Remodelling Lebanon’s economy will ultimately require an audit of all that has beset it in recent years. This is not just imperative to the Lebanese to restore the country’s national honour, it is also a key demand of the international financial institutions and developed countries whose support will be critical in securing the fruits of a new economic agenda. Lebanon’s youth, who have regularly taken to the streets in recent years to protest corruption, rightly demand nothing less.

We have also seen a lowering of investment from an important source: our friends and near neighbours in the Gulf Cooperation Council (GCC) countries. There are many reasons for this, and the Syrian Civil War is an obvious cause.
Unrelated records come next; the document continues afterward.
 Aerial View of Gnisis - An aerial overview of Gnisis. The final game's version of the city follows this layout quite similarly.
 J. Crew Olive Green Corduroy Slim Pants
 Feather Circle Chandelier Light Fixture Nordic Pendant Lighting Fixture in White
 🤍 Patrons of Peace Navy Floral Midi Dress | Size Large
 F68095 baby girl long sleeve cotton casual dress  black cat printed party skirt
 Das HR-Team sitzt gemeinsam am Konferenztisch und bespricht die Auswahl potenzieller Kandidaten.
As Lebanon’s neighbour, Syria formed an important trade route through which goods were exported to the GCC. The disruption and chaos brought on by the war closed Syria as a viable route, increasing the costs and disruption GCC countries faced when importing from Lebanon.
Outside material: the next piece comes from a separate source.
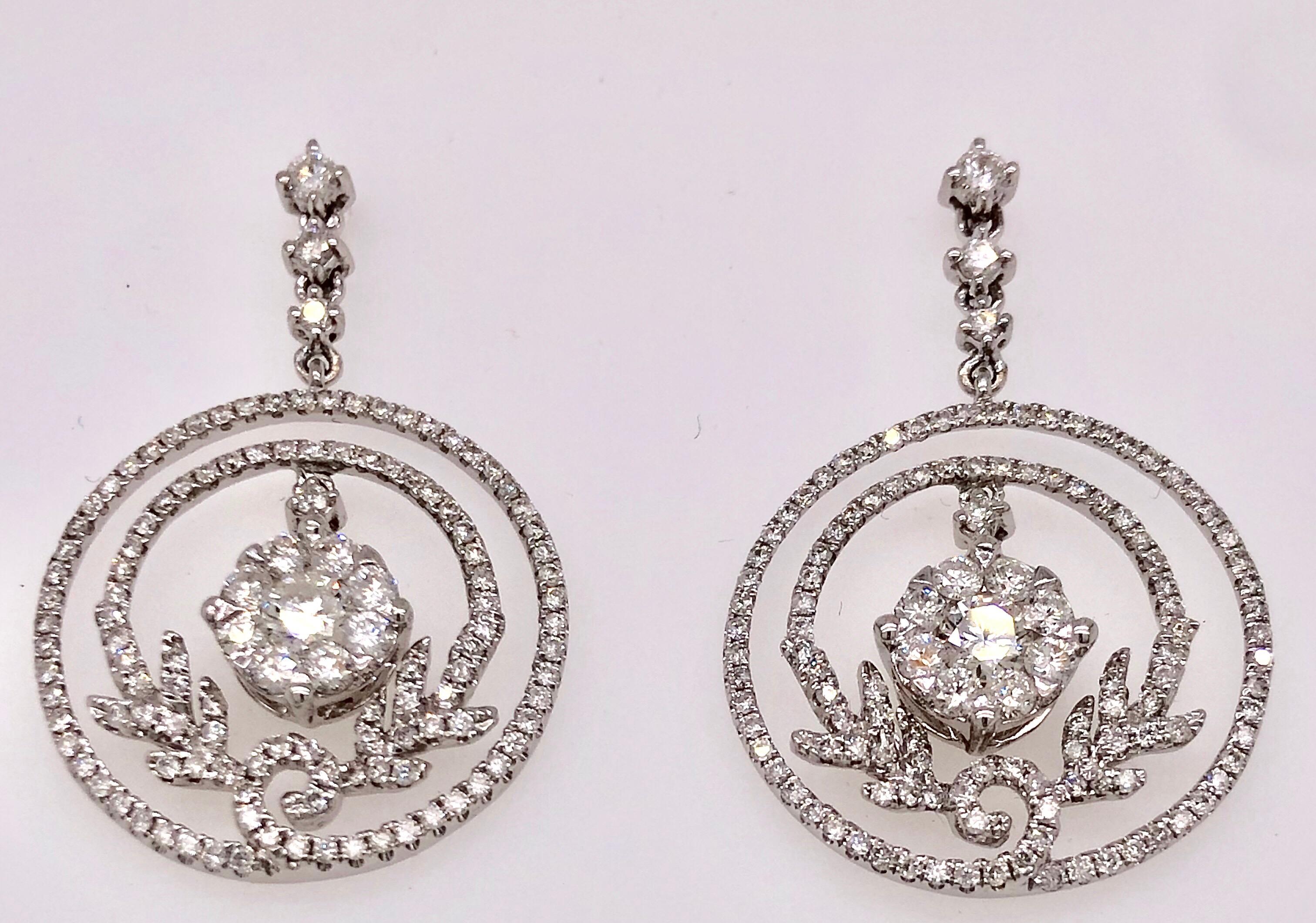 Round Cut Emilio Jewelry Floral Diamond Earrings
Concerns over the war’s spillovers also caused GCC investment into Lebanon’s services sector to suffer, with Saudi Arabia falling from its position as the biggest investor in Lebanese real estate services – one of the country’s biggest export sectors – while many GCC states advised against or banned travel to Lebanon in the wake of the conflict, further harming investment through tourism and business travel. However, the early November visit of the United Arab Emirates foreign minister to Syria to begin to normalise relations perhaps demonstrates that there is a willingness to move forward. We should ensure we do all we can to boost spending by our Gulf neighbours back to the levels of previous decades.
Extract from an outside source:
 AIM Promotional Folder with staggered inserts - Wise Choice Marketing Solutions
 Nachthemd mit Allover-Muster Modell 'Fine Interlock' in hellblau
According to the Carnegie Middle East Centre, at least 76% of FDI came to Lebanon from the Gulf states between 2003 and 2015. Since 2016, it has all but dried up, and with 50% of Lebanon’s exports going to the GCC, many fear further economic hardship should there be a GCC-wide ban on Lebanese imports. This leaves Lebanon in a precarious position, given the importance of good relations with our Gulf neighbours to responding to the threats Lebanon faces.

Lebanon’s progress after the civil war was helped immensely by GCC investment and the millions of Arab visitors we received every year. Diaspora remittances from these countries are also vital, with $2bn flowing from Saudi Arabia alone. Gulf states helped Lebanon rebuild after the 2006 war and their support will again be crucial to reconstruction efforts after the Beirut port blast and ongoing political mismanagement.

My message to all those who wish to lead Lebanon out of this crisis is to make increasing FDI an immediate priority. We must seek partnership and support from our historic friends and investors, such as the GCC countries, the US, the UK, France and Egypt, to help us overcome these difficult circumstances and catapult us into a prosperous future.

The young people calling for change rightly demand jobs and a stake in Lebanon’s future. We must increase investment to have a chance of giving them this opportunity.